Das war, bevor ich Professor Ni über die asiatische Macht der Sanftmut sprechen hörte, bevor ich bei Gandhi über Satyagraha las und bevor ich mir Tiffanys strahlende Zukunft als Journalistin vorstellte. Überzeugung ist Überzeugung, haben mich die Jugendlichen aus Cupertino gelehrt, ganz gleich mit welcher Lautstärke sie zum Ausdruck gebracht wird.
TEIL III
Formen der Liebe und Arbeit für Introvertierte
KAPITEL 9
Introvertiert in einer extravertierten Welt
Wann man sich anpassen sollte – und wann nicht
Ein Mensch hat so viele gesellschaftliche Selbste, wie es verschiedene Personengruppen gibt, deren Meinung ihm wichtig ist. Gewöhnlich zeigt er jeder dieser verschiedenen Gruppen eine andere Seite von sich.
William James
Professor Brian Little, ehemaliger Psychologiedozent in Harvard und Preisträger der 3M Teaching Fellowship – manchmal auch als Nobelpreis der Hochschullehre bezeichnet –, ist Brillenträger, von kleiner und stämmiger Statur und liebenswürdigem Wesen. Er hat einen dröhnenden Bariton und die Gewohnheit, am Rednerpult herumzuwirbeln und in einen Singsang zu verfallen, während er nach Art eines Schauspielers alter Schule die Konsonanten betont und die Vokale dehnt. Man hat ihn als »Kreuzung aus Robin Williams und Albert Einstein« beschrieben, und wenn er einen Witz macht, der seinen Zuhörern gefällt, was oft der Fall ist, dann sieht er noch erfreuter aus als sie. Seine Seminare in Harvard waren immer überbelegt und endeten häufig mit stehenden Ovationen.

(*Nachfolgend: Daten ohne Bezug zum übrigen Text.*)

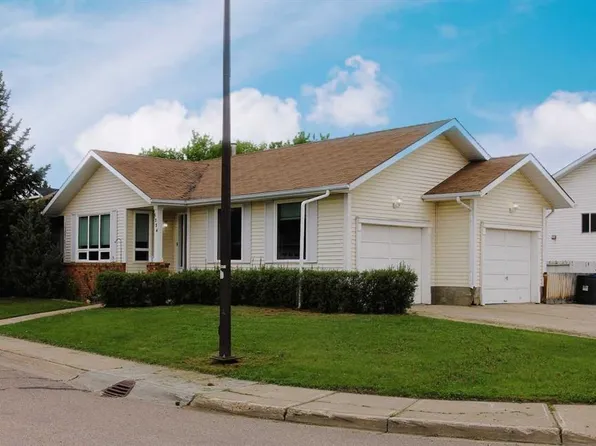 5224 W 23rd St, Lloydminster, AB T9V 2R2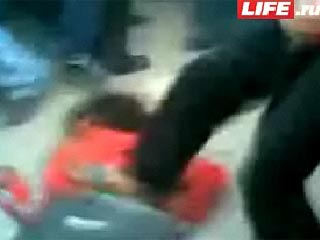 В Твери подростки жестоко избили восьмиклассницу за отказ "гулять" со своим одноклассником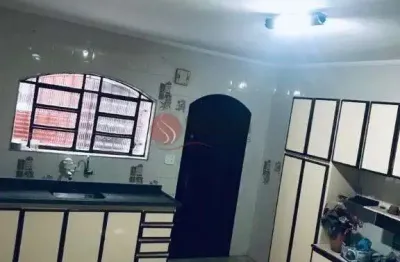 Sobrado a venda com 3 dormitórios, 1 suíte, 3 vagas à 8 minutos á pé do metrô vila matilde
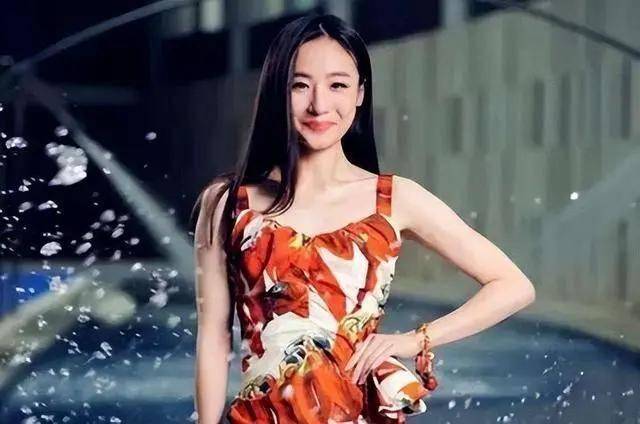 跳水冠军桑雪:16岁夺金牌,被曝私生活混乱,为救母亲进入娱乐圈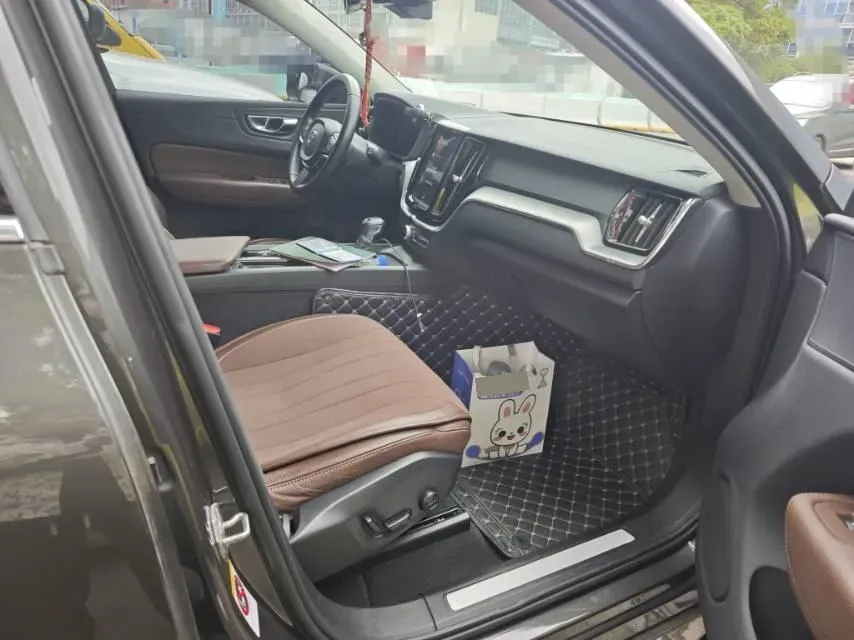 2020 Volvo XC60 2.0T 254HP L4 8AT,autocango,china used car exporter,china ev exporter,chinese used car exporter,chinese used ev exporter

Im Gegensatz dazu scheint der Mann, den ich jetzt beschreiben werde, aus ganz anderem Holz geschnitzt zu sein: Er lebt mit seiner Frau in einem versteckt gelegenen Haus auf einem Grundstück von fast einem Hektar in den abgelegenen kanadischen Wäldern. Er bekommt gelegentlich Besuch von seinen Kindern und Enkelkindern, aber bleibt ansonsten für sich. Er komponiert in seiner Freizeit Musik, liest und verfasst Artikel und Bücher und schreibt Freunden lange E-Mails, die er »E-pistel« nennt. Wenn er geselligen Umgang pflegt, zieht er Zweierbegegnungen vor. Bei Partys tut er sich, so schnell er kann, mit jemandem zu einem ruhigen Gespräch zusammen oder entschuldigt sich damit, dass er »frische Luft schnappen« muss. Wenn er gezwungen ist, zu viel Zeit unterwegs oder in konfliktträchtigen Situationen zu verbringen, kann er krank werden.

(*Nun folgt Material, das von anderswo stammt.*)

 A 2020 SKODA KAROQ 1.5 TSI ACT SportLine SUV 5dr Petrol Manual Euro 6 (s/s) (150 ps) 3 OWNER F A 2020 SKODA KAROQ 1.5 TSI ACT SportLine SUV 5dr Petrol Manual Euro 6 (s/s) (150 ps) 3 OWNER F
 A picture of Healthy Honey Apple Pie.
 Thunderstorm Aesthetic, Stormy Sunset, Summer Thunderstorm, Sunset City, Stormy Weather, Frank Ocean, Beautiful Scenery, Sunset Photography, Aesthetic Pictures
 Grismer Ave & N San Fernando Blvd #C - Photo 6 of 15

Wären Sie überrascht zu erfahren, dass der Professor mit dem komödiantischen Talent und dieser Eremit, der ein Leben des Geistes führt, ein und dieselbe Person sind? Vielleicht nicht, wenn Sie bedenken, dass wir uns alle je nach Situation verschieden verhalten. Aber wenn wir zu solcher Flexibilität in unserem Verhalten imstande sind, ist es dann überhaupt sinnvoll, die Unterschiede zwischen Introvertierten und Extravertierten herauszuarbeiten? Ist die Vorstellung von Intro- und Extraversion selbst vielleicht eine zu platte Dichotomie: der Introvertierte ein weiser Philosoph, der Extravertierte ein furchtloser Anführer, der Introvertierte ein Poet oder Spitzenwissenschaftler, der Extravertierte ein Enthusiast oder Anführer einer Clique? Haben wir nicht alle ein bisschen von beidem?

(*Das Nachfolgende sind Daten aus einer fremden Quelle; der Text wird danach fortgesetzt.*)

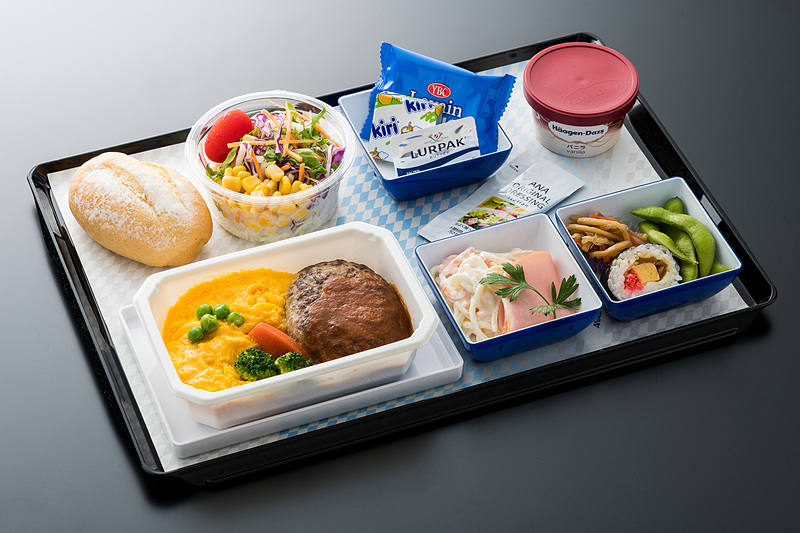 ANAのプレミアムエコノミークラスのサービス例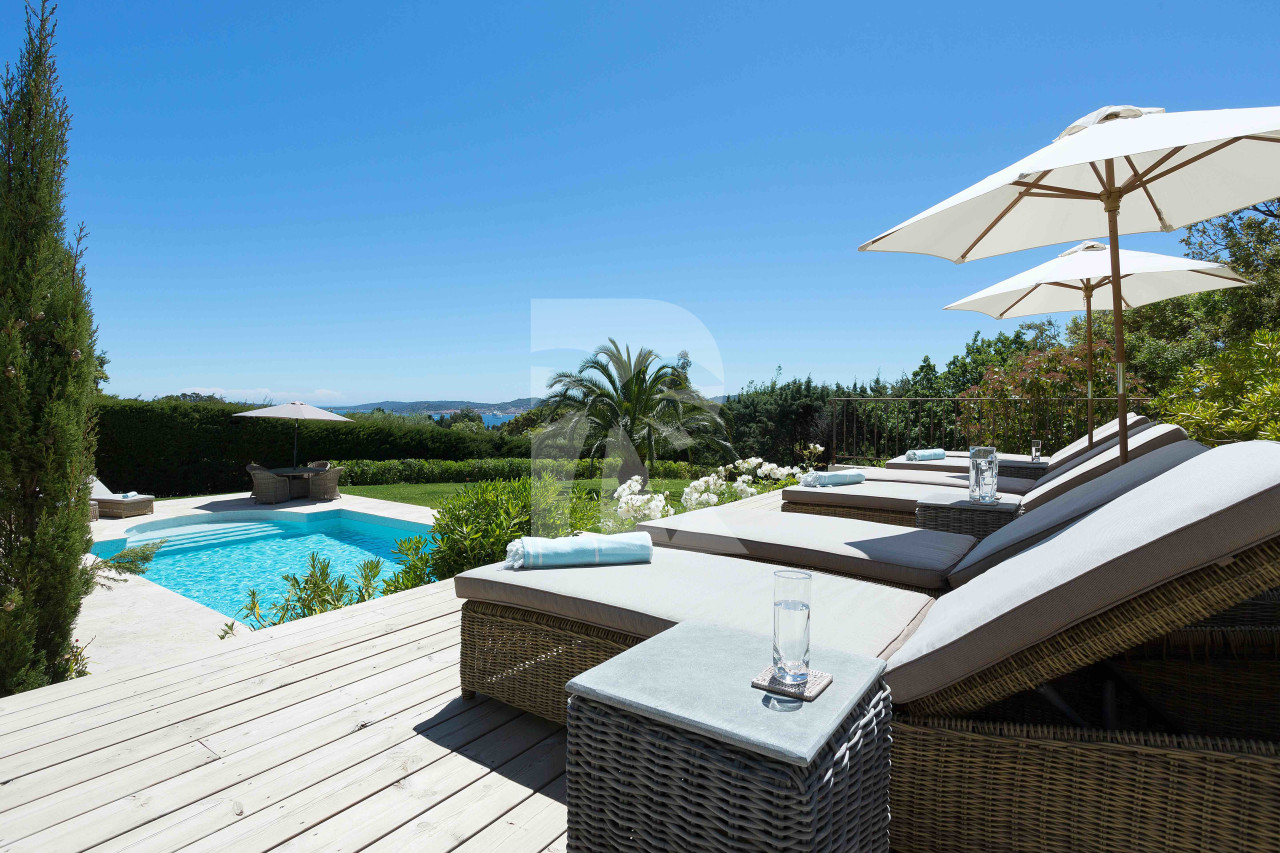 villa in St Tropez : Rent superb villa with swimming pool and  sea views in a private domaine close to St Tropez - Photo 2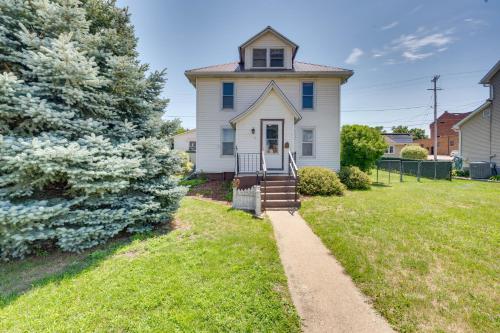 B&B Dyersville - Cozy Iowa Getaway with Patio and Fenced-In Yard! - Bed and Breakfast Dyersville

Psychologen nennen das die »Person-Situation-Kontroverse«: Gibt es tatsächlich feste Persönlichkeitsmerkmale oder verändern sie sich je nach der Situation, in der ein Mensch sich befindet? Wenn Sie mit Professor Little sprechen, wird er Ihnen sagen, dass er trotz seiner öffentlichen Persona und seiner Auszeichnung als Hochschullehrer in Wirklichkeit ein waschechter, total melancholischer Introvertierter ist, nicht nur vom Verhalten, sondern auch von seiner Neurophysiologie her (bei dem in Kapitel 5 beschriebenen Zitronensafttest hatte er sofort Speichelfluss). Allem Anschein nach stellt er sich damit voll und ganz auf die »Person«-Seite der Kontroverse: Little glaubt, dass es feste Persönlichkeitsmerkmale gibt, die unser Leben tief beeinflussen, auf physiologischen Abläufen basieren und das ganze Leben über relativ stabil bleiben. Menschen mit dieser Ansicht haben große Fürsprecher: Dasselbe glaubten schon Hippokrates, Milton, Schopenhauer, Jung und in jüngster Zeit auch die Vertreter der funktionellen Magnetresonanztomografie und der Hautwiderstandstests.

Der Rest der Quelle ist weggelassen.